The heat capacities of a substance have been defined as $$C_{v}=\left(\frac{\partial \hat{U}}{\partial T}\right)_{V}, \quad C_{p}=\left(\frac{\partial \hat{H}}{\partial T}\right)_{P}$$ Use the defining relationship between \(\hat{H}\) and \(\hat{U}\) and the fact that \(\hat{H}\) and \(\hat{U}\) for ideal gases are functions only of temperature to prove that \(C_{p}=C_{v}+R\) for an ideal gas (Eq. \(8.3-12\) ).

Short Answer

Expert verified
The relationship \(C_{p}=C_{v}+R\) for an ideal gas is a result of the defining relationship between internal energy (\(\hat{U}\)) and enthalpy (\(\hat{H}\)), the laws of thermodynamics, and the gas constant \(R\).

Step by step solution

01

Define the concepts

We'll start by defining the relevant concepts involved in the scenario:\n- Heat capacities at constant volume, \(C_{v}\), and constant pressure, \(C_{p}\), are defined as the rate at which a substance's internal energy or enthalpy changes with temperature, respectively. - Internal energy, \(\hat{U}\), and enthalpy, \(\hat{H}\), are state variables for a gas that depend on temperature and volume or pressure.- For an ideal gas, both \(\hat{U}\) and \(\hat{H}\) are only functions of temperature.- The ideal gas constant, R, is a constant of proportionality that relates the energy of a mole of gas to its temperature.
02

Understand the relationship between \(\hat{H}\) and \(\hat{U}\)

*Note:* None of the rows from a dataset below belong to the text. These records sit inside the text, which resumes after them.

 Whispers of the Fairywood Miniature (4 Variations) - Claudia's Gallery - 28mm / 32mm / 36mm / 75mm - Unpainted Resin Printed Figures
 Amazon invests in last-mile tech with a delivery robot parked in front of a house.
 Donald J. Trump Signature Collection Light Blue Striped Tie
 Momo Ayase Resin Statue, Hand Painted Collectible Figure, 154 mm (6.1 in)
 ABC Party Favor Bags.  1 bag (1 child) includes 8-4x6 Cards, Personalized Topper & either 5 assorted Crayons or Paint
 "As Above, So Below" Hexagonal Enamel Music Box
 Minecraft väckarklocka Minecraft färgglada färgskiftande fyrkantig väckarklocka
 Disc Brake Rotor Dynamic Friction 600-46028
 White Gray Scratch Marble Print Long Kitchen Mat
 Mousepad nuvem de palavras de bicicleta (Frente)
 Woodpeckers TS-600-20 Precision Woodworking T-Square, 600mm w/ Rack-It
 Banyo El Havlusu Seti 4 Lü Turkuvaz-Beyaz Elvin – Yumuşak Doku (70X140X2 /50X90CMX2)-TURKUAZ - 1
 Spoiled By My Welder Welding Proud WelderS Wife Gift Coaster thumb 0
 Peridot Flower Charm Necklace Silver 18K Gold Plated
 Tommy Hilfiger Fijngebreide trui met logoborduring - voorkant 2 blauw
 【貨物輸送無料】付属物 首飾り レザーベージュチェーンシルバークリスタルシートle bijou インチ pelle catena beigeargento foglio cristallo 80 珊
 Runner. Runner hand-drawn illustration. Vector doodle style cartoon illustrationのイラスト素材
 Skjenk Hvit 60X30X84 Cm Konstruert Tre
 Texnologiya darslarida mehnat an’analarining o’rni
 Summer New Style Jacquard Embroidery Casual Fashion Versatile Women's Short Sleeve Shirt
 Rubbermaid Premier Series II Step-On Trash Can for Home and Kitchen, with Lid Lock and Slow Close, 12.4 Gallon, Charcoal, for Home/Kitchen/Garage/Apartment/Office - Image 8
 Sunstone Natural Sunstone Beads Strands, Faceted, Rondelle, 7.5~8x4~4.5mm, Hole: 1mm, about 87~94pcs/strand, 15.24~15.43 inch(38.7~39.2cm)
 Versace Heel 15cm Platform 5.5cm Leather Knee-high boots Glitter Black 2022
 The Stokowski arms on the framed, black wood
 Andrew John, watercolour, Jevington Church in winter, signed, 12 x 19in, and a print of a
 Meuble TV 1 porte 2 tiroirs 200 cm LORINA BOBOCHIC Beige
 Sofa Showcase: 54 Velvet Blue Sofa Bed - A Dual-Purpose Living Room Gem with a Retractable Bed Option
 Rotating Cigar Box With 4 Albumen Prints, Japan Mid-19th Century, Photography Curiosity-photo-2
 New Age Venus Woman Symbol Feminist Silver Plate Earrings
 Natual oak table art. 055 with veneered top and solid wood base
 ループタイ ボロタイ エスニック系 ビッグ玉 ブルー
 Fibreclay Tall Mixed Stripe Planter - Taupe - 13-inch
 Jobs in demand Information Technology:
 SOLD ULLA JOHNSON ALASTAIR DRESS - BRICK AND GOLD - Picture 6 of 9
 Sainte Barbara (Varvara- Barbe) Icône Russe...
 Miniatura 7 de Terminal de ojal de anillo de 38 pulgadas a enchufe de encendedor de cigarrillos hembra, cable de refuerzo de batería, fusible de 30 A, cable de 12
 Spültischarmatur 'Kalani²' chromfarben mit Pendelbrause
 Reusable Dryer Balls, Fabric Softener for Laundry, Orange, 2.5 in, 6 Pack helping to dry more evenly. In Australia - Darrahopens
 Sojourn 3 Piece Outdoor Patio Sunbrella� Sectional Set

\(\hat{H}\) and \(\hat{U}\) are related by the following thermodynamic equation: \(\hat{H} = \hat{U} + PV\)Differentiating this equation with respect to temperature, we get: \(\frac{\partial \hat{H}}{\partial T} = \frac{\partial \hat{U}}{\partial T} + \frac{\partial (PV)}{\partial T}\)This equation tells us that the change in enthalpy with respect to temperature is equal to the change in internal energy plus the change in the pressure/volume product with temperature.
03

Apply the 'only function of temperature' condition

Remember, for an ideal gas, both \(\hat{U}\) and \(\hat{H}\) are only functions of temperature, and therefore, are independent of volume and pressure. This means that partial derivative of the pressure/volume product with respect to temperature at constant volume (\(V\)) and pressure (\(P\)) equals to the pressure/volume product times the derivative of temperature with respect to temperature. In the equation, this term simplifies to \(P\). Substituting \(\frac{\partial \hat{U}}{\partial T}\) and \(\frac{\partial \hat{H}}{\partial T}\) with \(C_{v}\) and \(C_{p}\) respectively, we obtain \(C_{p} = C_{v} + P\).
04

Apply ideal gas law

For an ideal gas, applying the ideal gas law \(PV = nRT\), where \(n\) is the number of moles and is equal to 1 for a mole of a substance, substitute \(P\) with \(RT\). Therefore, the expression becomes \(C_{p} = C_{v} + RT\). But, given that \(R\) is in fact the gas constant, the \(T\)'s cancel out, resulting in the final equation: \(C_{p} = C_{v} + R\) as was required.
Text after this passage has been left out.